> **Dataset entries**
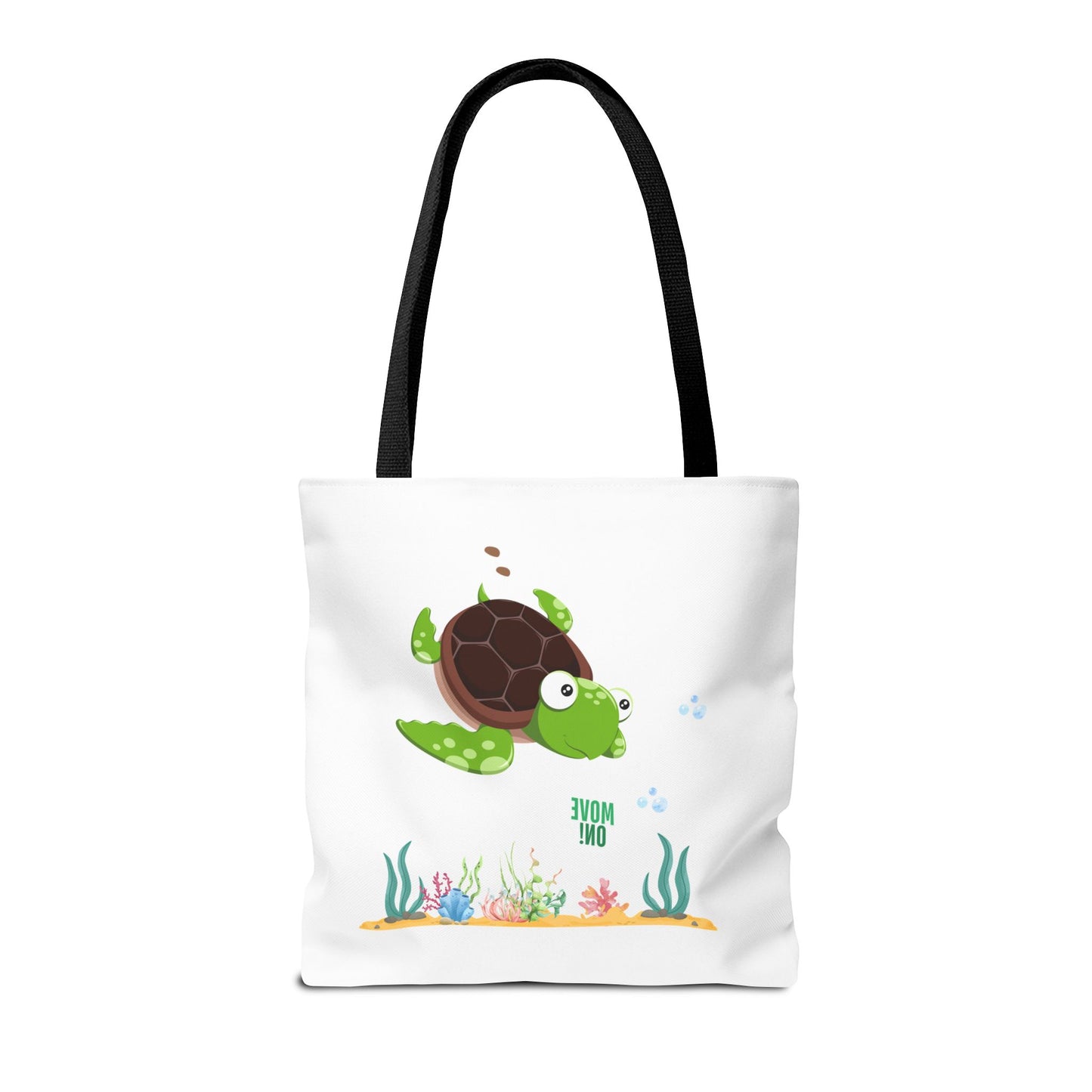 Turtle with seaweed and bubble Tote Bag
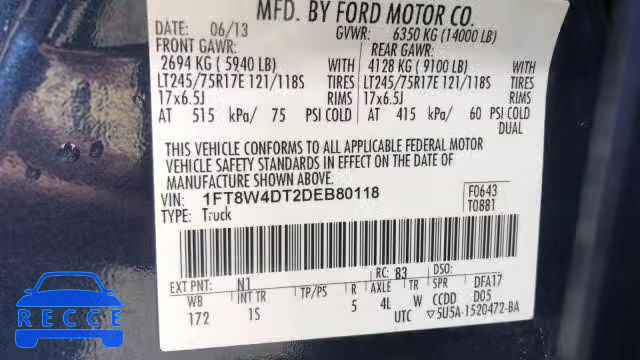 2013 FORD F450 SUPER 1FT8W4DT2DEB80118 image 9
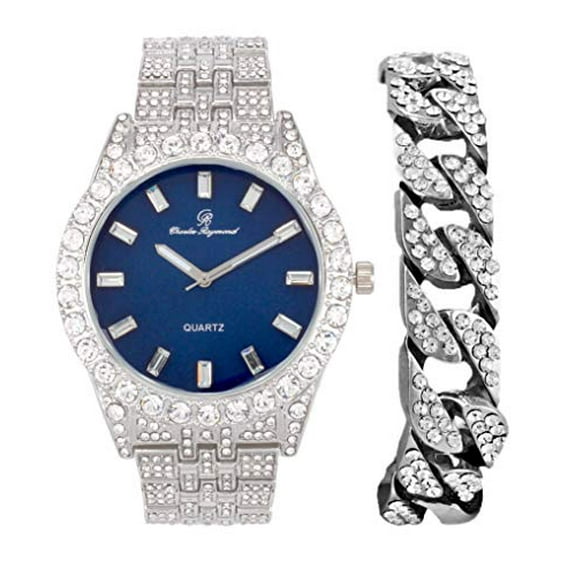 Charles Raymond Mens WristWatch w/Matching Iced Rolly Hip Hop Bracelet - Big Rhinestones on Trim and Elegant Baguette Time Indicators on Dial- Master Blingout Designer - ST10226B (Silver Bright Blue)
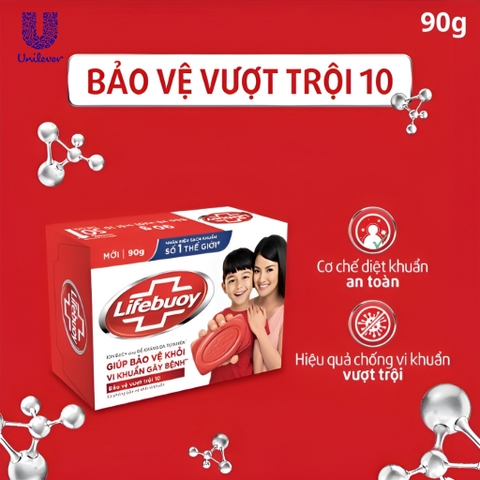 *CB10 Bánh Xà Phòng Lifebuoy Ion Bạc Kháng Khuẩn 90G - Đỏ-Bảo vệ vượt trội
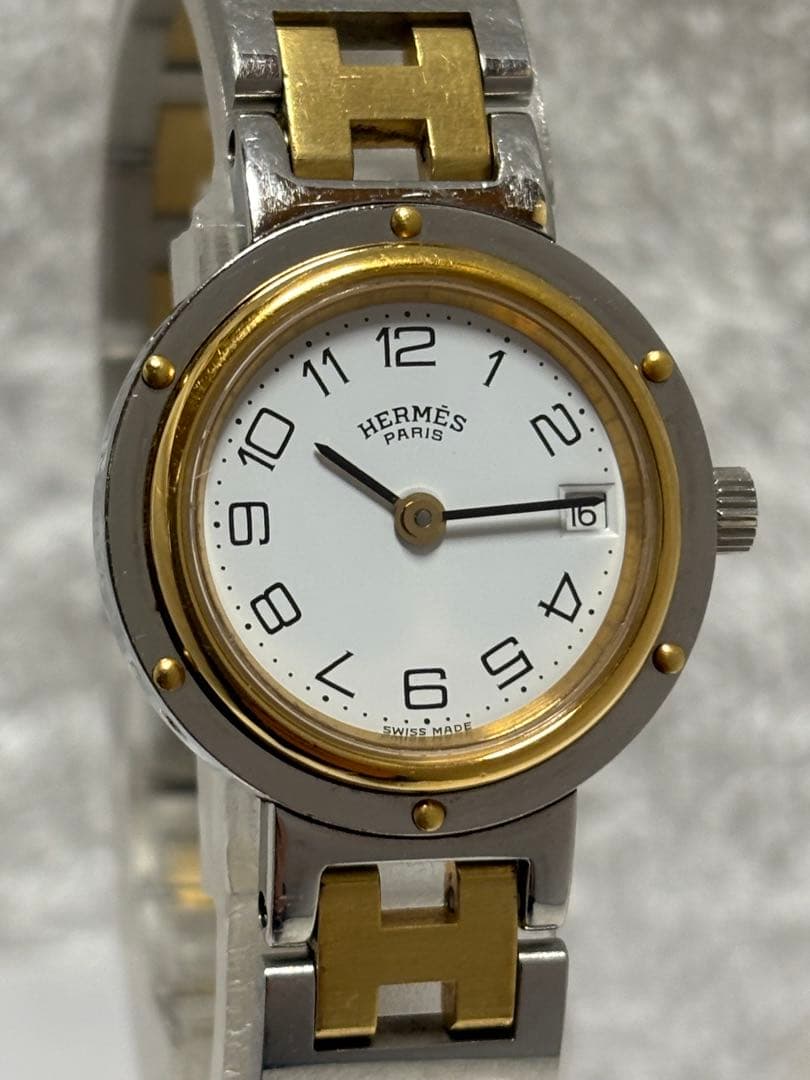 【美品】エルメス クリッパー クォーツ デイト【稼働品】レディース 付属品有り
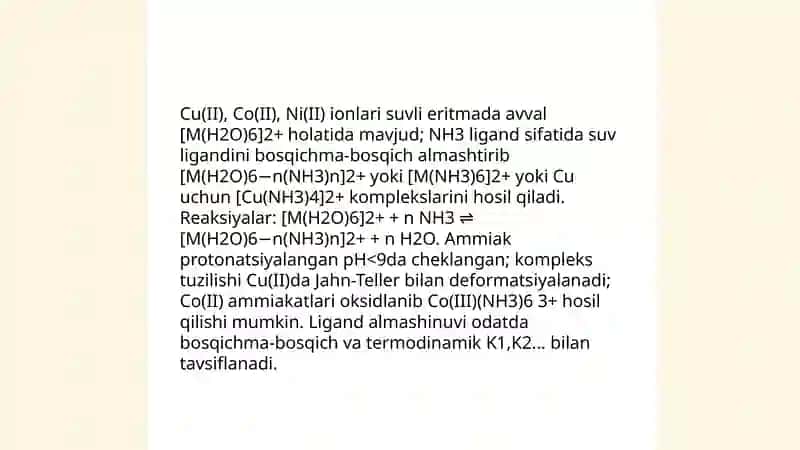 Cu( ll )Co ( ll ) Ni (ll) ammiyakatlarning olinishi va ularni spektrofotometrik aniqlash 4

> **EXERCISE DETAILS**
In the copy, include exactly the lines from the one with "2013 FORD F450" through the final line of the data, both ends included, and no pictures.

> **FINISHED TASK**
 2013 FORD F450 SUPER 1FT8W4DT2DEB80118 image 9
 Charles Raymond Mens WristWatch w/Matching Iced Rolly Hip Hop Bracelet - Big Rhinestones on Trim and Elegant Baguette Time Indicators on Dial- Master Blingout Designer - ST10226B (Silver Bright Blue)
 *CB10 Bánh Xà Phòng Lifebuoy Ion Bạc Kháng Khuẩn 90G - Đỏ-Bảo vệ vượt trội
 【美品】エルメス クリッパー クォーツ デイト【稼働品】レディース 付属品有り
 Cu( ll )Co ( ll ) Ni (ll) ammiyakatlarning olinishi va ularni spektrofotometrik aniqlash 4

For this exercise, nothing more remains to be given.